The Treasury
Installation at Open Studios, Rijksakademie van Beeldende Kunsten Amsterdam, The Netherlands
June 2024
The Treasury is a body of work that tells a story of Peg Miller, an American artist who lived in a bank building in Spring Green, Wisconsin for the last thirty years of her life. This neoclassical revival building was registered as a national historic site after her death, which I speculate would not have been possible without Peg’s occupancy. She used the bank as a home, a studio, and sometimes, a place to help other women maintain sobriety. Peg was a recovered alcoholic.
The Treasury includes a 12-minute video work that uses puppets to tell anecdotes shared in interviews, alongside footage from inside the bank – which has been repurposed into a restaurant.
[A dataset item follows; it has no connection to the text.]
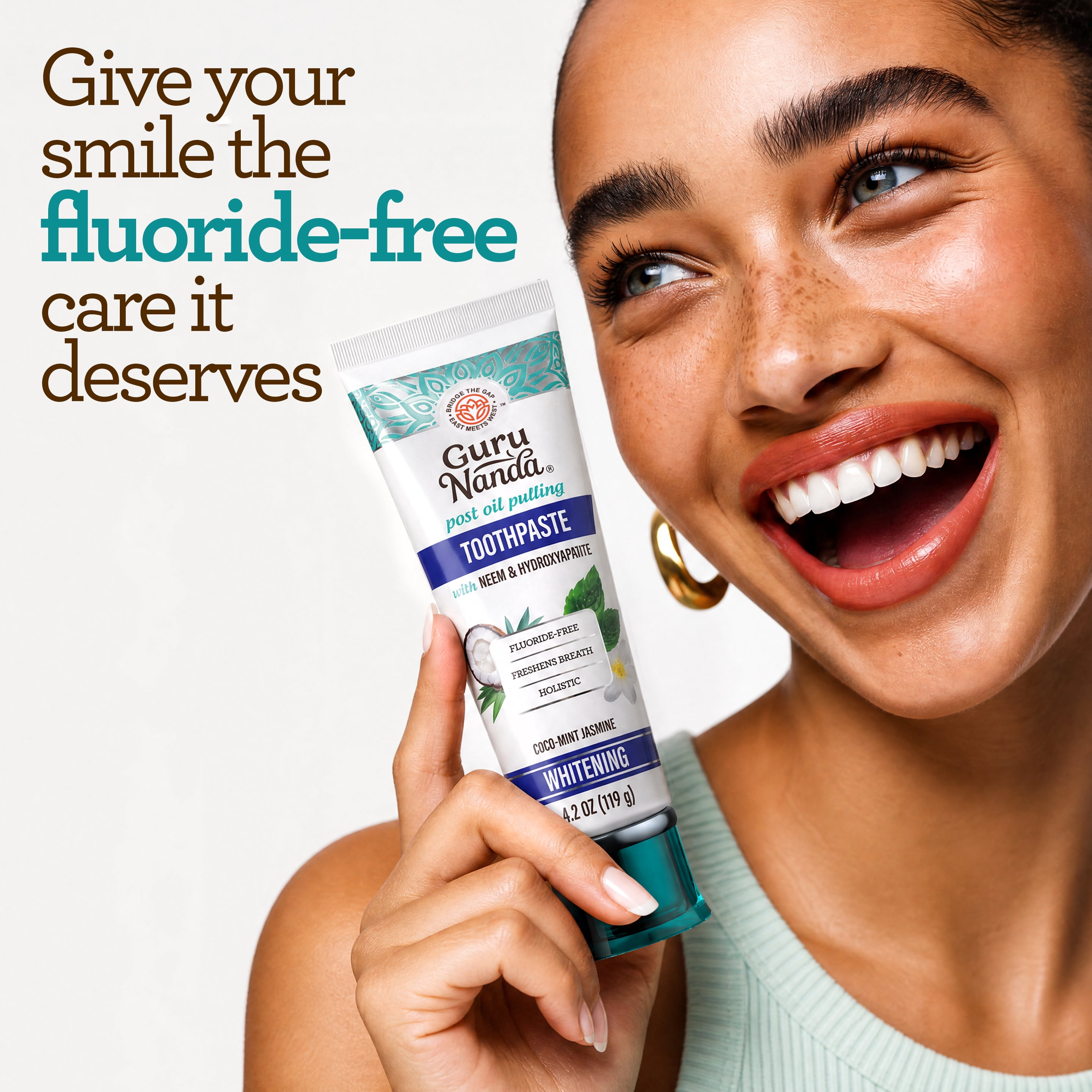 GuruNanda Whitening Hydroxyapatite Toothpaste, Fluoride-Free, CocoMint Jasmine, 4.2 oz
Often historically used to share dissident stories, puppetry is used here to perform a collective recollection of an artist who survived addiction and made her own economy. A small history becomes a portrait of both an artists’ life and the disturbance of a financial institution’s transition. This is a memorial for a joyful misuse of space.
An annotated script, a large painted quilt made from found and gifted fabric, and a welded steel work the size of my bedroom window are also works included in The Treasury.
Peg Miller is my mother’s aunt. I might have met her once. my only memories are black walls and patterned, or frightening, paintings.